Just days before its decision in FCC v. Fox, the Court issued its opinion in Christopher v. SmithKline, holding that a Department of Labor (DOL) policy announced for the first time in an amicus brief after the Supreme Court agreed to hear Christopher's case did not provide sufficient notice.  Christopher and Buchanan were “detailers”—employees of a drug company whose jobs were to persuade doctors to write prescriptions for specific drugs.  They sued their employer under the Fair Standards Labor Act (FSLA) for failing to pay overtime.  Under DOL's regulations, employers do not have to pay overtime for “outside salesmen.”  The Agency had not previously taken enforcement action against drug manufacturers who routinely treated detailers as outside salesmen.  The Court emphasized that “where, as here, an agency's announcement of its interpretation is preceded by a very lengthy period of conspicuous inaction, the potential for unfair surprise is acute.”  Christopher, 132 S. Ct. at 2168.

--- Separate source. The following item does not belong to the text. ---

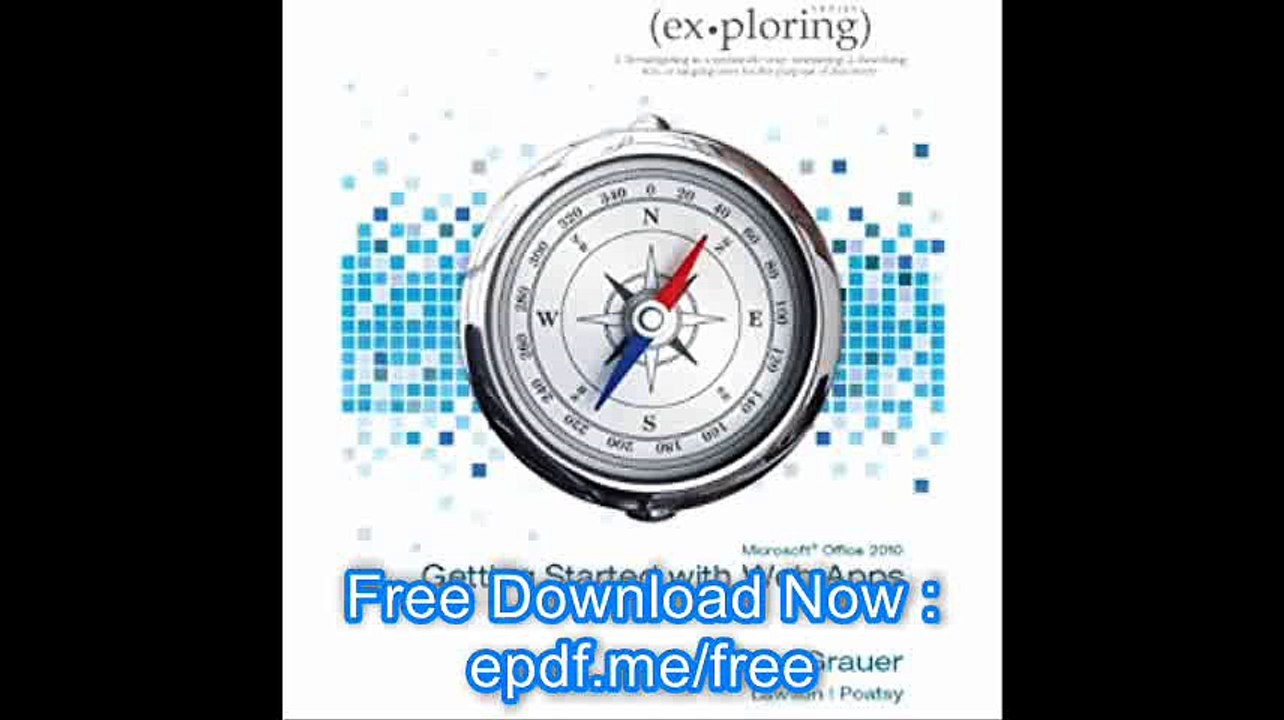 Exploring Microsoft Office 2010 Getting Started with Web Apps (Exploring (Delmar))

Moreover, DOL previously had taken the position that a “consummated transaction” was a sale for the purposes of the “outside salesmen” exception.  However, DOL changed its interpretation in an amicus brief to require an actual transfer of title for a “sale.”  Therefore, the Court refused to defer to the Agency's new interpretation of its own regulations:


[i]t is one thing to expect regulated parties to conform their conduct to an agency's interpretations once the agency announces them; it is quite another to require regulated parties to divine the agency's interpretations in advance or else be held liable when the agency announces its interpretations for the first time in an enforcement proceeding and demands deference.  

Id.  

The holdings in Fox and Christopher provide an important reminder to regulated industry—while federal agencies may indeed change their policies, they cannot enforce those changed policies without providing adequate notice.  Especially in a time where short-staffed and underfunded federal regulatory agencies often opt for guidance documents and other policy statements rather than revising rules, companies are well-advised to be sure they could have known of a new policy before acceding to an agency's enforcement efforts.